In this notebook we show how to perform MD with a trained franken model. Once again we use the water dataset as a simple example, and finetune the MACE-MP0 foundation model which was trained on the materials-project dataset to accurately predict a potential field at a high level of theory.

[1]:
try:
    import franken
except ImportError:
    %pip install franken[mace]
    import franken
[ ]:
from pathlib import Path
import sys
import torch
import numpy as np
import matplotlib.pyplot as plt
import ase
import ase.md
import ase.md.velocitydistribution
from ase.geometry.rdf import get_recommended_r_max, get_rdf

from franken.calculators import FrankenCalculator
from franken.datasets.registry import DATASET_REGISTRY
from franken.backbones.utils import CacheDir
from franken.autotune import autotune
from franken.config import (
    MaceBackboneConfig,
    MultiscaleGaussianRFConfig,
    DatasetConfig,
    SolverConfig,
    HPSearchConfig,
    AutotuneConfig,
)
/home/lbonati@iit.local/software/miniforge3-mamba/envs/franken/lib/python3.13/site-packages/tqdm/auto.py:21: TqdmWarning: IProgress not found.
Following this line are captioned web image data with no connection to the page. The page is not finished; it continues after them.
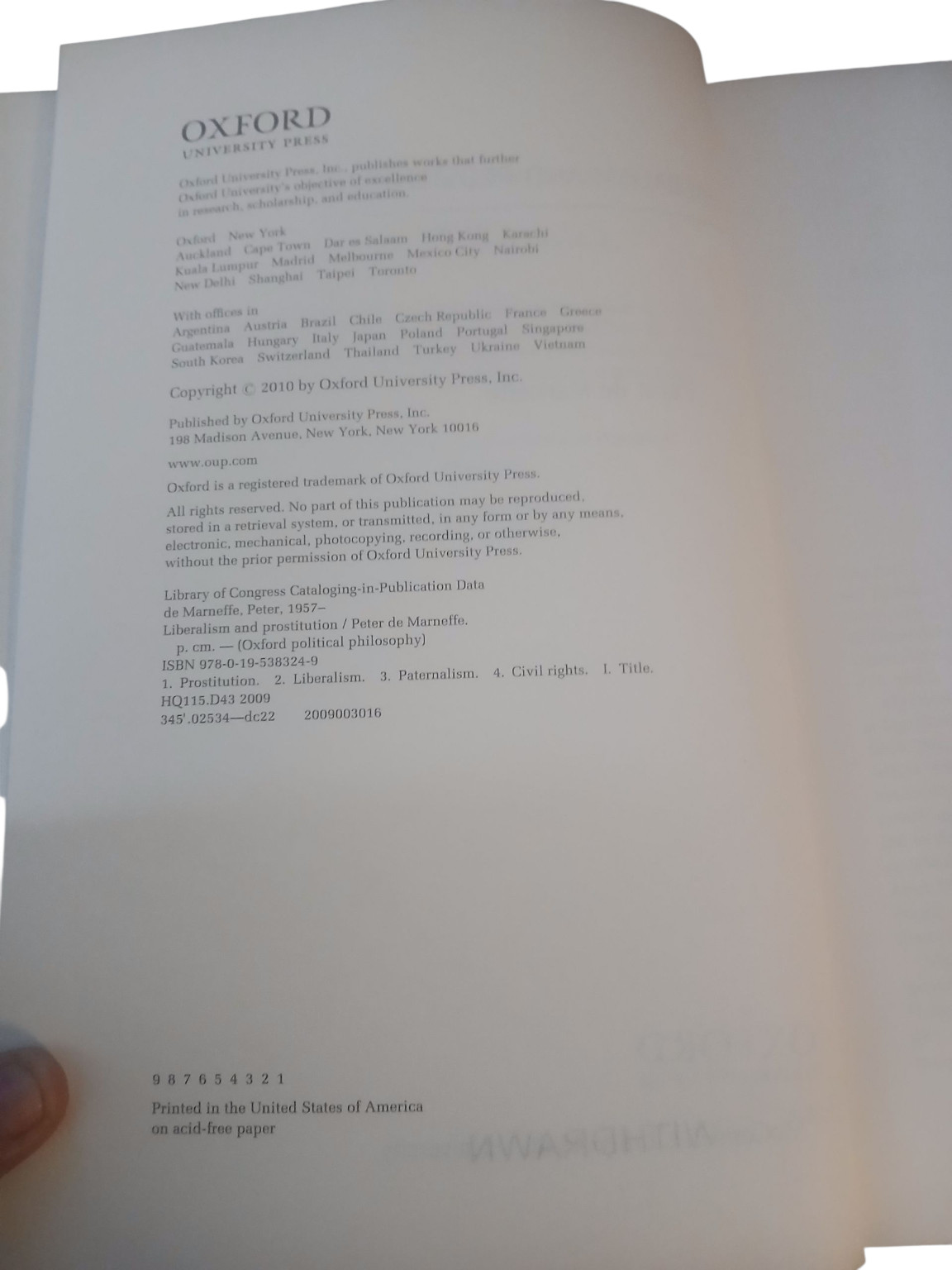 Liberalism and Prostitution Peter de Marneffe 2010 Oxford University Press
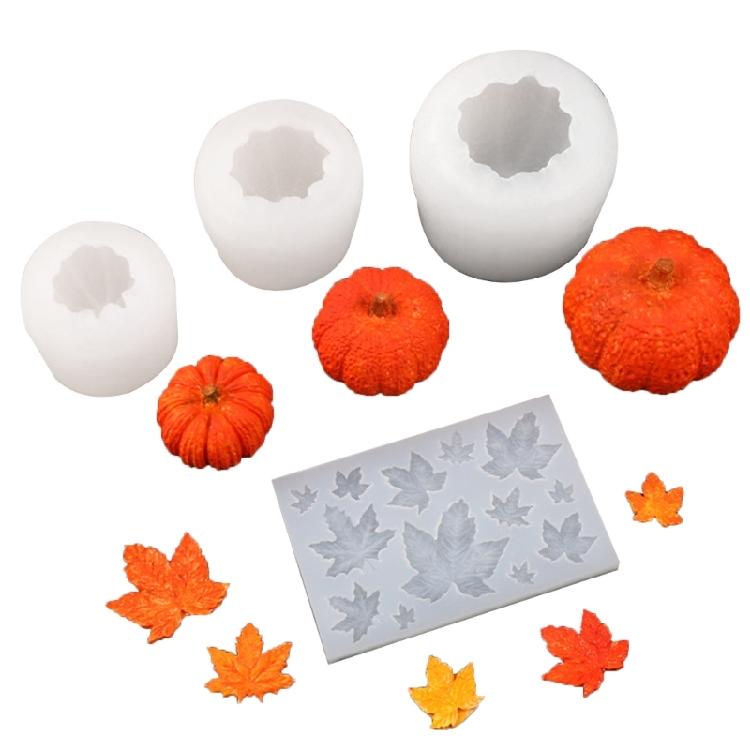 3D Pumpkin Candle Epoxy Mold Maple-Leaves Fondant Mold Halloween Theme Cupcake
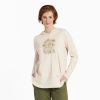 Women Life is Good Crusher-Flex Apparel | Women'S Sunflower Sketch Crusher-Flex Hoodie Tunic Putty White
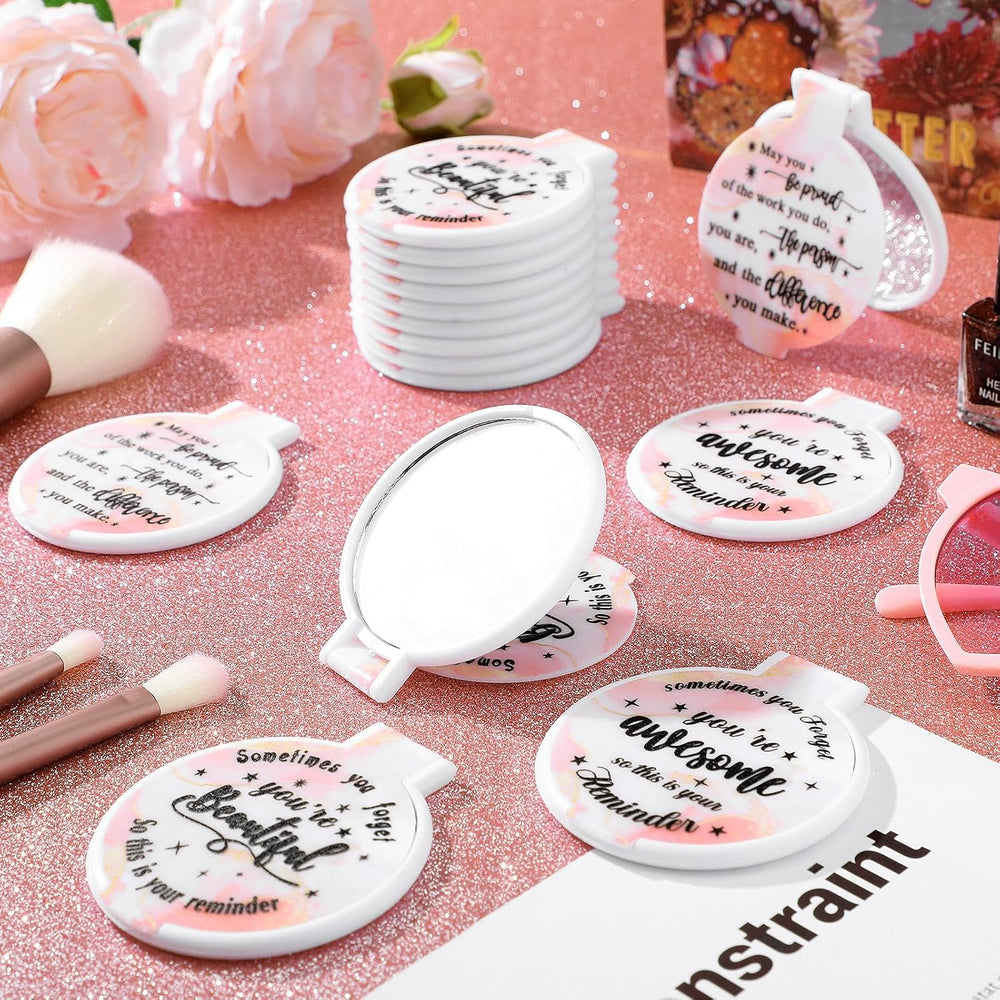 Wenqik 100 Pcs Compact Mirror Bulk Small Gifts for Women, Light Pink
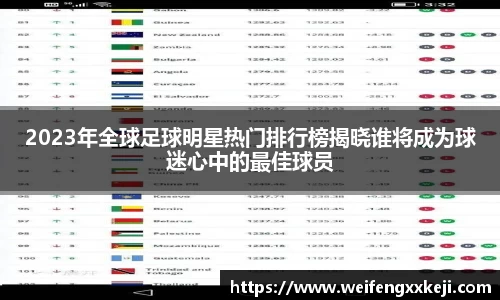 2023年全球足球明星热门排行榜揭晓谁将成为球迷心中的最佳球员
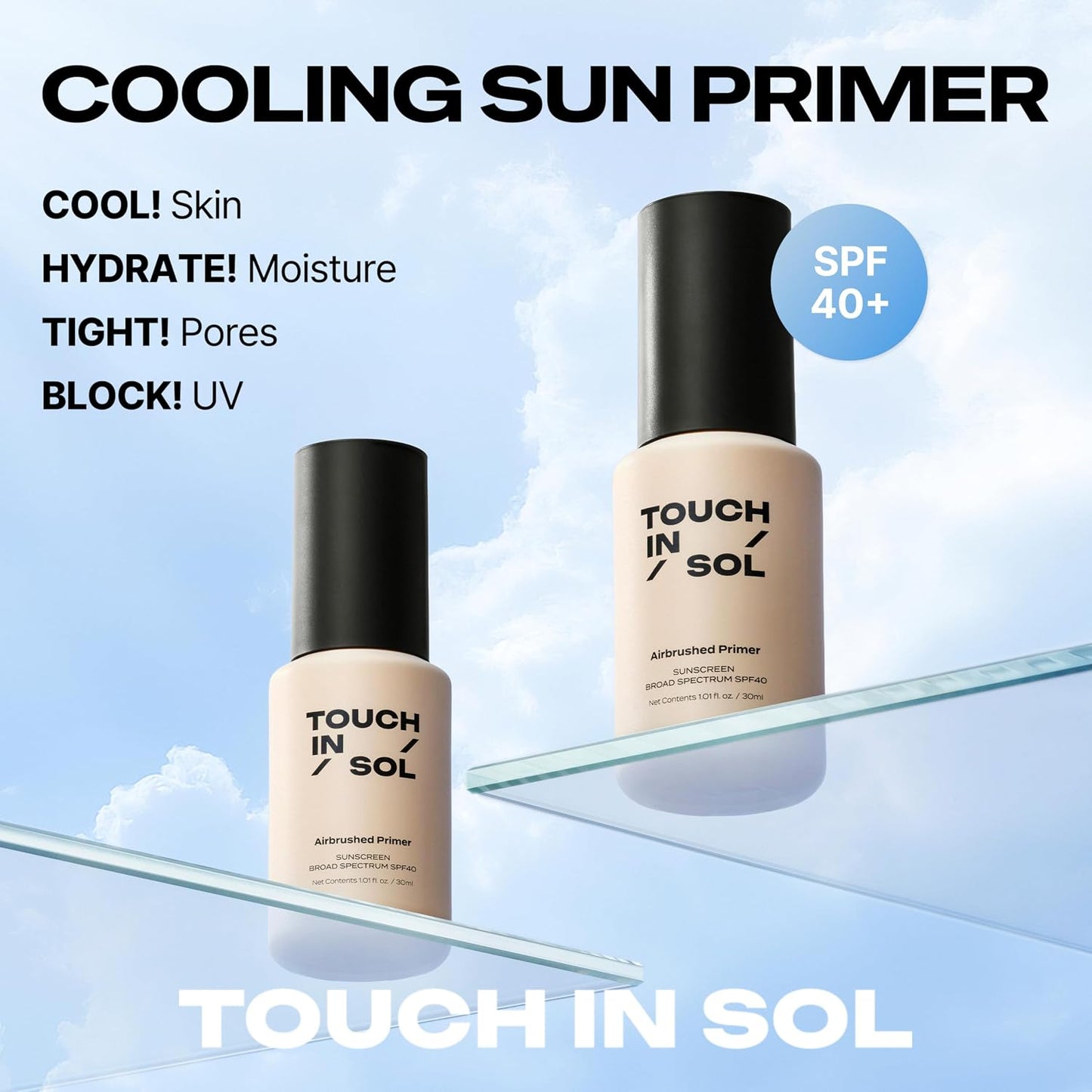 Airbrushed Primer SPF 40 - Lightweight Hydrating Makeup Primer with Sun Protection | Smooth Blurring Base (1.01 fl oz)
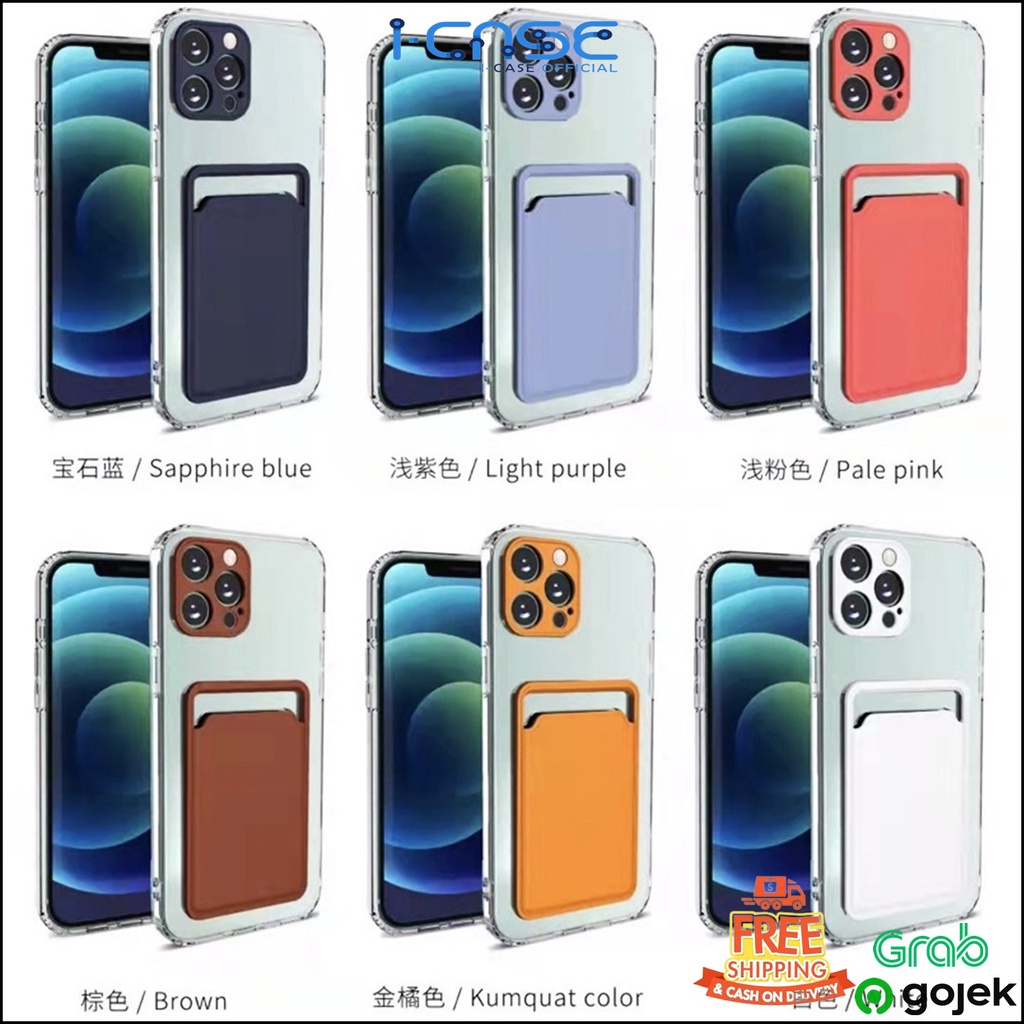 Card Wallet Pocket Soft Case Full Lens Cover for iPhone 6 7 8 6+ 7+ 8+ SE X XS XR 11 12 MINI PRO MAX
Please update jupyter and ipywidgets. See https://ipywidgets.readthedocs.io/en/stable/user_install.html
  from .autonotebook import tqdm as notebook_tqdm

Run autotune to train a franken model

The first step is to obtain a trained franken model, with which to perform the MD.

We do this using the autotune interface, for which a dedicated tutorial is available.

[3]:
gnn_config = MaceBackboneConfig(
    path_or_id="mace_mp/small",
    interaction_block=2,
)

dataset_cfg = DatasetConfig(name="water", max_train_samples=8,
                            # or specify train/val/test paths:
                            # train_path="train.xyz",
                            # val_path="val.xyz",
                            )
rf_config = MultiscaleGaussianRFConfig(
    num_random_features=512,
    length_scale_low=8,
    length_scale_high=32,
    length_scale_num=4,
    rng_seed=42,
)
solver_cfg = SolverConfig(
    l2_penalty=HPSearchConfig(start=-10, stop=-5, num=5, scale='log'),  # equivalent of numpy.logspace
    force_weight=HPSearchConfig(start=0.01, stop=0.99, num=5, scale='linear'),  # equivalent of numpy.linspace
)
autotune_cfg = AutotuneConfig(
    dataset=dataset_cfg,
    solver=solver_cfg,
    backbone=gnn_config,
    rfs=rf_config,
    seed=42,
    jac_chunk_size='auto',
    run_dir="./results",
)
[4]:
run_path = autotune(autotune_cfg)
console_logging_level: INFO
dtype: float64
jac_chunk_size: auto
rf_normalization: leading_eig
run_dir: ./results
save_every_model: False
save_fmaps: False
scale_by_species: True
seed: 42
backbone:
    family: mace
    interaction_block: 2
    path_or_id: mace_mp/small
dataset:
    max_train_samples: 8
    name: water
    test_path: null
    train_path: null
    val_path: null
rfs:
    length_scale_high: 32
    length_scale_low: 8
    length_scale_num: 4
    num_random_features: 512
    rf_type: multiscale-gaussian
    rng_seed: 42
    use_offset: true
solver:
    force_weight:
      num: 5
      scale: linear
      start: 0.01
      stop: 0.99
      value: null
      values: null
    l2_penalty:
      num: 5
      scale: log
      start: -10
      stop: -5
      value: null
      values: null

2026-01-25 14:11:06.787 INFO (rank 0): Initializing default cache directory at /home/lbonati@iit.local/.franken
2026-01-25 14:11:06.793 INFO (rank 0): Run folder: results/run_260125_141106_19bfafa6
cuequivariance or cuequivariance_torch is not available. Cuequivariance acceleration will be disabled.
ASE -> MACE (train): 100%|██████████| 8/8 [00:00<00:00, 258.97it/s]
ASE -> MACE (val): 100%|██████████| 189/189 [00:00<00:00, 242.35it/s]
Computing dataset statistics: 100%|██████████| 8/8 [00:00<00:00, 16.00it/s]
2026-01-25 14:11:15.739 INFO (rank 0): jacobian chunk size automatically set to 32
2026-01-25 14:11:46.246 WARNING (rank 0): `leading_eig` normalization has high memory usage. If you encounter OOM errors try to disable it.
2026-01-25 14:12:32.102 INFO (rank 0): Trial   1 | rf_type: multiscale-gaussian | num_random_features:   512   | length_scale_low:    8    | length_scale_high:   32    | length_scale_num:    4    | use_offset:  True   | rng_seed:   42    | Best trial 1 (energy 0.32 meV/atom - forces 25.1 meV/Ang)

Run molecular dynamics

Next we can run the molecular dynamics simulation.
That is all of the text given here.